Management’s strategic investment in digital banking plays key role in servicing throughout COVID-19 period
STAMFORD, Conn., June 22, 2020 (GLOBE NEWSWIRE) -- Patriot National Bancorp, Inc. (“Patriot,” “Bancorp” or the “Company”) (PNBK), the parent company of Patriot Bank, N.A. (the “Bank”), today announced pretax loss of $1.4 million (net loss of $1.1 million), or $0.27 basic and diluted loss per share for the quarter ended March 31, 2020. Concurrently, the institution’s total assets increased 2% to $999.6 million, net loan portfolio increased 0.7%, deposits grew 4.4%, and net interest income was up 1.9% for the quarter ended March 31, 2020 as compared to the fourth quarter of 2019.
In the first quarter of 2020, total assets increased to $999.6 million, up 2%, at March 31, 2020, as compared to $979.8 million at December 31, 2019. Net Loan portfolio increased $5.9 million or 0.7%, from $802.0 million at December 31, 2019 to $807.9 million at March 31, 2020. Deposits increased $33.7 million or 4.4%, from $769.5 million at December 31, 2019 to $803.2 million at March 31, 2020.

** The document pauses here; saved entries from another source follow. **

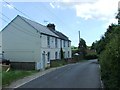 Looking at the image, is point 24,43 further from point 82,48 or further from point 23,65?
point 82,48

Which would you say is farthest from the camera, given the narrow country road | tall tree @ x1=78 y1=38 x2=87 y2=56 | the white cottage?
tall tree @ x1=78 y1=38 x2=87 y2=56

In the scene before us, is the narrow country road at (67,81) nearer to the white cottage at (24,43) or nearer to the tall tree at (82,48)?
the white cottage at (24,43)

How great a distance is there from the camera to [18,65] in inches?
1759

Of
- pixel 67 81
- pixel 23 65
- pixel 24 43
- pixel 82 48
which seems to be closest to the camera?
pixel 67 81

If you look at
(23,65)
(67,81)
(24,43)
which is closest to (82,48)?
(24,43)

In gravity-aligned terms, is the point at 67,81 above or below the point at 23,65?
below

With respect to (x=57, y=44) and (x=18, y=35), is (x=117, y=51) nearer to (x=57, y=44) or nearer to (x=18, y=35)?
(x=18, y=35)

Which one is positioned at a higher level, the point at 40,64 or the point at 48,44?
the point at 48,44

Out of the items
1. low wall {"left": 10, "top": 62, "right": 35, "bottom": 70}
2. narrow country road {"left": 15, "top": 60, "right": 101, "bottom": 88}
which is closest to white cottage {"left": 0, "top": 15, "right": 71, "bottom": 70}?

In its 2019 Form 10-K filed on April 29, 2020, Patriot reported a net loss of $2.8 million or $0.72 per share in the full year 2019, compared with net income of $3.2 million ($0.82 per share) in 2018.
In connection with the COVID-19 impact on its customer base, staff and the financial community, Patriot has taken the following actions:
- All branches have remained open with customers re-directed to non-contact ATMs and Live Banker ATMs. Lobbies have been closed and customers welcomed by appointment only. Staff is available to handle all banking matters, as necessary.
- Daily branch staffing rotation schedules have been reduced. Staffing schedules have also been revised with expanded work at home arrangements, when practical, to better protect employees.
- Patriot’s on-line banking services are being optimized, with expanded customer call center staff to better serve customers’ needs and meet significantly higher transaction volumes from Live Banker ATMs.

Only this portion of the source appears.